Ihre Nachbarin hatte sie telefonisch kontaktiert, dass ein Paket auf ihrer Fußmatte liegen würde.

Auf die Bitte, dies solange bei ihr unterzustellen, damit niemand es klauen konnte, meinte diese nur, sie würde jetzt schlafen gehen und hätte keine Lust auf Besuch.

Besuch ...

Sie hatte nicht vor ein Schwätzchen mit ihr zu halten. Emma wollte einzig und allein nur ihr Paket haben und bat ihr sogar an, es dann eben erst am nächsten Tage bei ihr abzuholen. Doch auch darauf ließ sie sich nicht ein und sprach, sie wolle nicht gestört werden und Emma könne froh sein, dass sie sie darüber in Kenntnis gesetzt hätte. Sie solle in aller Selbstverständlichkeit so bestellen, dass einfach ausgedrückt jemand zu Hause sei.

Ende und fertig.

Danke Frau Oberboersch.

Danke für nichts.

Emma beeilte sich nun, ihr zu Hause zu erreichen, bevor irgendjemand ihr Paket dort wegnehmen konnte.

Verwirrt sah sie sich um, als sie in eine Straße einfuhr.

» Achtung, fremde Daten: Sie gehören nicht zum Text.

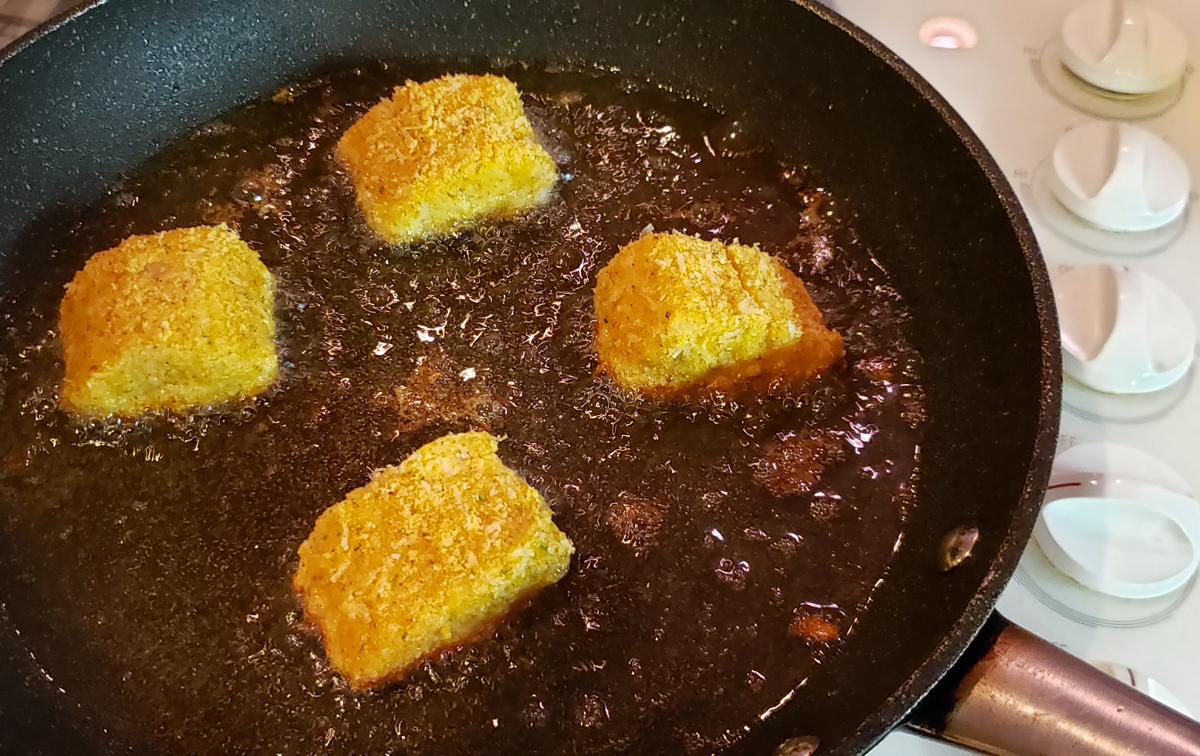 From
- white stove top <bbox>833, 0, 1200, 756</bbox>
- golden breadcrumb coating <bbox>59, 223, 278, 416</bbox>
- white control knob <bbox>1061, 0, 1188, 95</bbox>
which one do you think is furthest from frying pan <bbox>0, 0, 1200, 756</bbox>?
white control knob <bbox>1061, 0, 1188, 95</bbox>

Mein Gott, was war denn jetzt schon wieder los? Hatte ihr Wagen einen Autopiloten, der gelegentlich einfach das Steuer übernahm?

Wie war sie überhaupt an diesen Ort gelangt? Sie war sich in der Tat bewusst, dass sie nach Hause wollte. Nach Hause und nicht ... wo war sie denn jetzt?

Hier war sie doch schonmal gelandet. Das war diese eine Straße, wo sie plötzlich gemerkt hatte, dass sie falsch war.

Das durfte doch nicht wahr sein. Auch noch jetzt, wo sie es wahrlich eilig hatte. Unpassender ging es nicht.

Dieses Mal wendete sie nicht und fuhr einfach weiter durch, mit der Hoffnung, von da wieder zurückgelangen zu können.

Es war auch längst dunkel. Wahrscheinlich war sie deshalb irgendwann falsch abgebogen. Und da sie ja schon mal hier gelandet war, war es vermutlich mit Leichtigkeit für sie, wieder hier zu landen. Genau. Das war es.

Routine. Irgendwie. Auf irgendeine seltsame Art und Weise.

Emma stand nicht der Kopf danach, weiter über so etwas nachzudenken. Sie musste nach Hause.

Dringend.

Sie fuhr um die Kurve und erschrak, als es rummste und sie den Mann sah, der kurz durch die Luft flog.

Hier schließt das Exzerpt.